### Action item:
Everything in the data except the pictures belongs in your answer, copied exactly.

### Provided data:
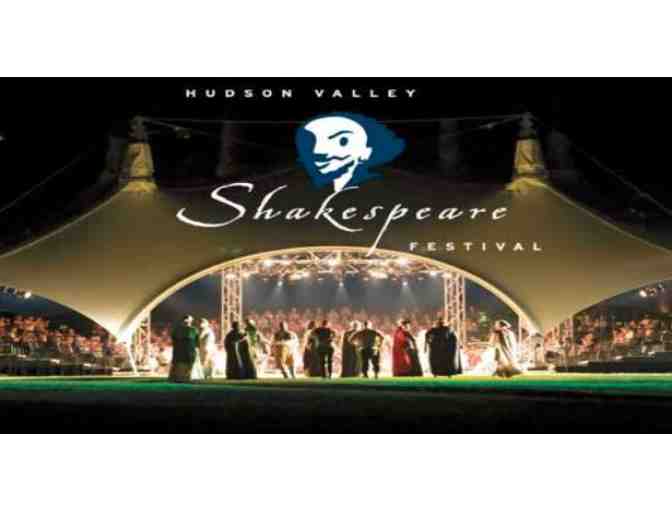 Two Tickets - Hudson Valley Shakespeare Festival - at Boscobel in Garrison, NY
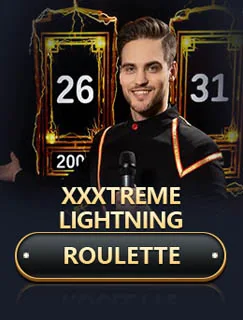 Xxxtreme Lightning Roulette by Evolution cover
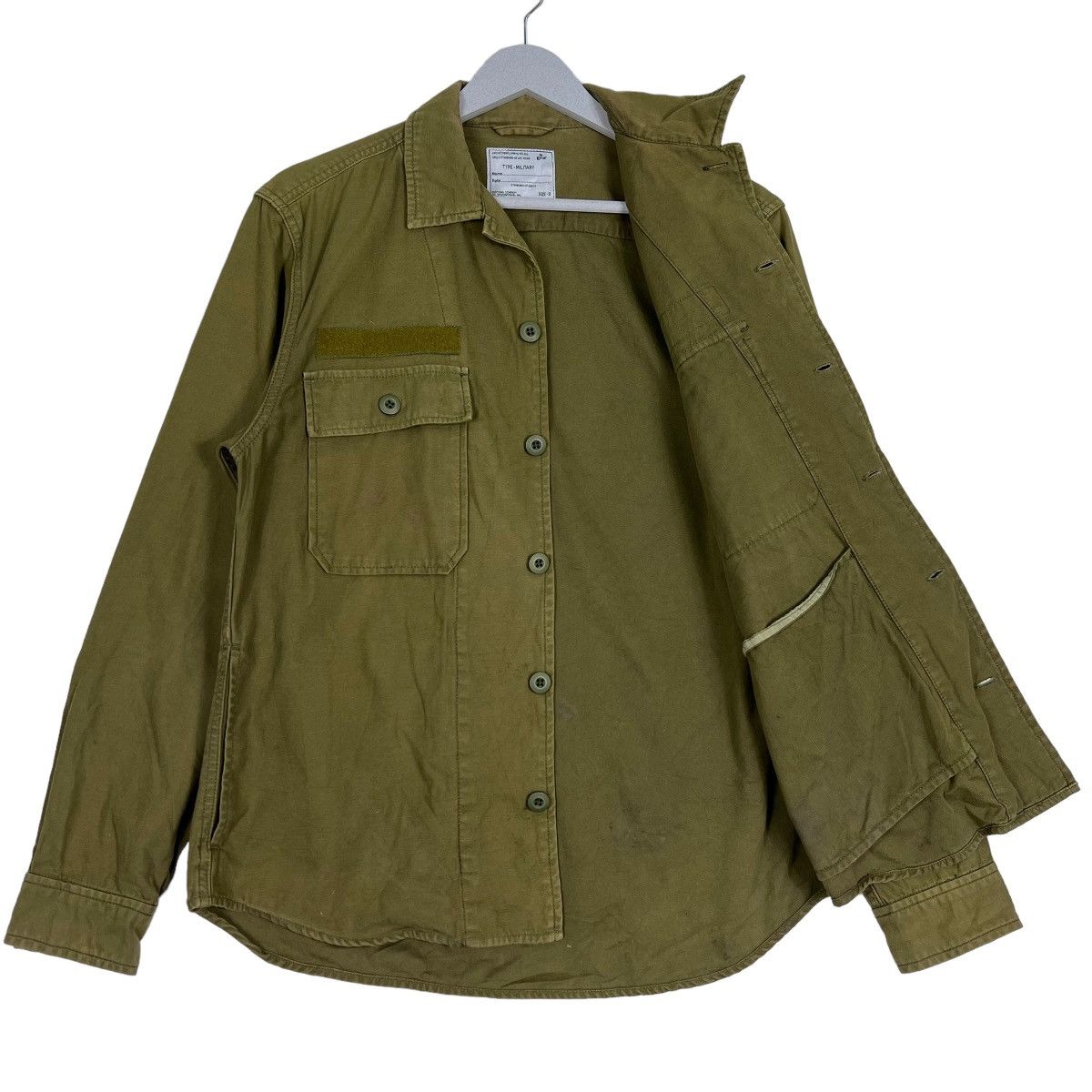 GRN 🔥 GRN MILITARY STYLE JACKET Size US M / EU 48-50 / 2 - 9 Thumbnail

### Finished exercise:
 Two Tickets - Hudson Valley Shakespeare Festival - at Boscobel in Garrison, NY
 Xxxtreme Lightning Roulette by Evolution cover
 GRN 🔥 GRN MILITARY STYLE JACKET Size US M / EU 48-50 / 2 - 9 Thumbnail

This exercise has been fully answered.